Finally, the Triangle Axiom follows from:

$(i d_{M} \times l_{N}) \circ a_{M, H_{L} \otimes B_{L}, N} \circ (r_{M}^{- 1} \times i d_{N})$
$= q_{M \otimes N} \circ (M \otimes l_{N}) \circ Ω_{M \otimes ((H_{L} \otimes B_{L}) \times N)} \circ (M \otimes q_{(H_{L} \otimes B_{L}) \otimes N}) \circ (j_{M \otimes (H_{L} \otimes B_{L})} \otimes N)$
$\circ Ω_{(M \times (H_{L} \otimes B_{L})) \otimes N} \circ (r_{M}^{- 1} \otimes N) \circ j_{M \otimes N}$ (by definition)

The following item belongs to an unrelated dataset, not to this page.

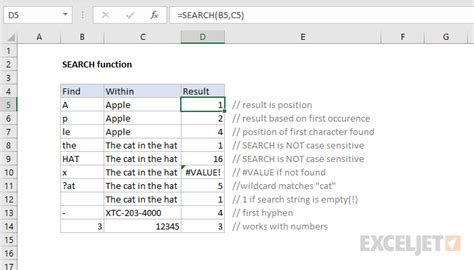 how does the search function work in excel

$= q_{M \otimes N} \circ (M \otimes (l_{N} \circ q_{(H_{L} \otimes B_{L}) \otimes N})) \circ ((j_{M \otimes (H_{L} \otimes B_{L})} \circ r_{M}^{- 1}) \otimes N) \circ j_{M \otimes N}$ (by (66))
$= q_{M \otimes N} \circ (M \otimes (φ_{N} \circ (H \otimes (((ε_{B} \circ μ_{B} \circ (Π_{B}^{L} \otimes B)) \otimes N)$
$\circ ((μ_{B} \circ ({\bar{Π}}_{B}^{R} \otimes B)) \otimes (ρ_{N} \circ φ_{N})))) \circ (c_{B, H} \otimes B \otimes H \otimes N))) \circ ((c_{B, M} \circ (B \otimes (φ_{M}$
$\circ c_{M, H}))) \otimes H \otimes B \otimes H \otimes N) \circ ((ρ_{M} \circ φ_{M}) \otimes (({\bar{Π}}_{H}^{L} \otimes H) \circ δ_{H} \circ Π_{H}^{L}) \otimes μ_{B} \otimes H \otimes N)$
$\circ (H \otimes M \otimes ((H \otimes B \otimes c_{H, B}) \circ (H \otimes c_{H, B} \otimes B) \circ (δ_{H} \otimes B \otimes B)) \otimes N)$
$\circ (H \otimes c_{H, M} \otimes B \otimes B \otimes N) \circ ((δ_{H} \circ η_{H}) \otimes (c_{B, M} \circ ({\bar{Π}}_{B}^{R} \otimes M) \circ ρ_{M}) \otimes ρ_{N}) \circ j_{M \otimes N}$ (by the naturality of c, (17), (1), (5), (7) and (44))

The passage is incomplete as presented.